Le Toréador de Jean Cocteau est chargé de mettre une ambiance ludique de départ : cette irrésistible fausse espagnolade de 1918 évoque plutôt Venise et ses gondoles et une Pépita plus intéressée par les charmes du vieux doge que par ceux de celui qui va combattre. Ghazarossian est à l’aise dans ce registre léger aux accents comiques. Apollinaire suit, avec deux mélodies (1941-45). Poulenc déclarait être ému par la résonance si humaine du poète trop tôt disparu. Montparnasse et Hyde Park sont rendus par le ténor avec ce sentiment dévoilé par le compositeur, comme le sera plus encore, en cours de programme, le poignant Bleuet, mis en musique en 1939 avec une humilité touchante. Tout au long de l’album, on est frustré de ne pouvoir disposer d’aucun texte, dont l’éditeur semble avoir oublié l’importance. Tout le monde ne dispose pas d’une bibliothèque poétique à domicile ! Il faut donc être très à l’écoute des mots. Ghazarossian compense en partie ce manque dommageable par une diction claire et compréhensible. 

Si A sa guitare de Ronsard (dont Poulenc ne reprend que deux strophes), destiné en 1935 à l’adorable Yvonne Printemps pour le rôle-titre de La Reine Margot d’Edouard Bourdet, auteur adulé de l’entre-deux-guerres, est rendu avec style, Ghazarossian ne tombe pas dans le piège des Airs chantés, surchargés, du symboliste Jean Moréas, nourri de nature, de campagne, de sources et d’océan. Poulenc n’appréciait pas ce poète, mais il enrobe bien la déclamation, dont le ténor livre sans emphase la quadruple substance, romantique, champêtre, grave et vive. Quant aux Chansons pour enfants de Jean Nohain, dont Poulenc ne met en musique que les trois premières, il est à l’aise dans ces moments primesautiers, dont Nous voulons une petite sœur clôture le récital avec esprit.
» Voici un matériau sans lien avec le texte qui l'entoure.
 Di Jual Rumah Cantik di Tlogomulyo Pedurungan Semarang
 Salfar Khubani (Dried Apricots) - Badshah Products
Avant cela, il y a eu deux cycles plus conséquents. D’abord un hommage à Eluard, avec lequel le compositeur a des affinités indiscutables : les neuf mélodies de Tel jour, telle nuit de 1937, où Poulenc fait corps avec un texte qu’il exalte. Il a choisi huit extraits, parfois des fragments, dans le recueil Yeux tristes ; il y ajoute un dernier poème, issu de Facile, admirable de contenu, qui creuse le thème de l’amour : Nous avons fait la nuit/je tiens ta main qui veille. Ici, le ténor semble parfois moins à l’aise, ne rendant qu’avec une certaine neutralité détachée la musique qui jaillit de l’écriture même d’Eluard. 
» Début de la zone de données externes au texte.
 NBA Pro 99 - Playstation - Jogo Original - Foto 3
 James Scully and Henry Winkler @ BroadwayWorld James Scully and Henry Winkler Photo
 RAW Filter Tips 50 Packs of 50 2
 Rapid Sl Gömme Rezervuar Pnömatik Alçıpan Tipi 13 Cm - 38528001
Par contre, il rend toute sa caressante et impertinente atmosphère, à la fois sensuelle, ironique, nostalgique ou admirable jusqu’à la provocation (« Mon cadavre est doux comme un gant ») aux Fiançailles pour rire de Louise de Vilmorin (1939). C’est dans le poème Violon de cette poétesse aristocratique, qui finira ses jours avec André Malraux, que se trouve le vers que les interprètes ont choisi en guise de titre pour l’album : Aux accords sur les cordes des pendus/À l’heure où les Lois se taisent/Le cœur en forme de fraise/S’offre à l’amour comme un fruit inconnu. L’occasion est trop tentante d’y voir comme une sorte de clin d’œil au compositeur en termes de dégustation, à la fois grinçante et savoureuse. Nous n’avons pu y échapper, qu’on nous le pardonne !

Ces mélodies et chansons ont été immortalisées jadis par des voix fameuses : Mady Mesplé, Michel Sénéchal, Nicolaï Gedda… Carl Ghazarossian se situe dans cette lignée d’élégance et de charme vocal ; il distille dans son chant des sons délicieux, fait la démonstration de sa légèreté, de sa subtilité et de son expressivité séductrice. Au piano (un Pleyel de 1905), Emmanuel Olivier se révèle un partenaire discret, mais attentif.